Ways to fix a weed invasion
Weeds thrive in a good heatwave and will cheerfully invade your stressed-out lawn in summer. You might think giving your lawn a hearty dose of fertiliser would be the answer to all of its problems, but the reality is quite the opposite. Fertilising your lawn during summer’s scorching conditions means that you’ll be forcing the lawn to grow, when all it needs to do is just concentrate on survival. Adding fertiliser will stress the lawn and cause it to brown off even further, as its already limited resources become overextended.
A better strategy is to hand-pull the weeds as they appear (preferably at cooler times of the day for your own wellbeing).
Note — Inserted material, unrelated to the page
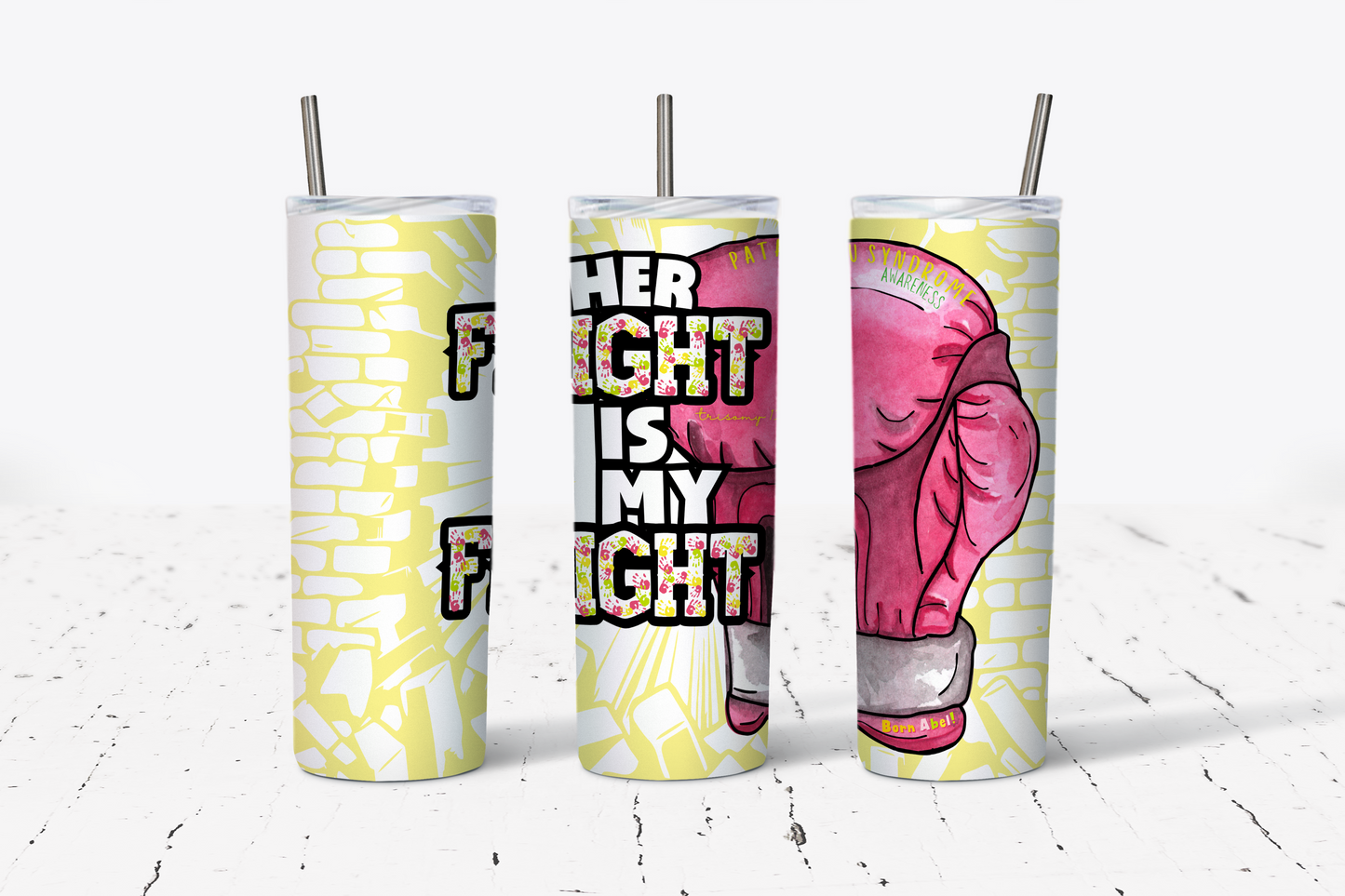 T-13 Her/His Fight Tumbler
Try and control weeds and pests early and often, rather than waiting until a complete infestation is under way.
Before a heatwave is forecast
If you know a heatwave is coming, there are a few proactive measures you can take to prepare your lawn to best cope before it hits:
- Conduct a thorough watering before the temperatures start to soar to give your lawn a good boost and enable it to better tolerate the harsh conditions
- Add some wetting agent to your lawn
- Leave your lawn higher than usual when mowing to reduce stress and evaporation
- Apply a light top dressing to help the lawn lock in valuable moisture
- Remove any weeds present in the lawn that will compete with the grass for nutrients and moisture
Heatwaves are par for the course during the Australian summer, so knowing how to help your lawn survive is valuable. A bit of time and effort on your part will help minimise the effect the extreme heat will have on your lawn and help the grass to thrive again once the hot spell is over.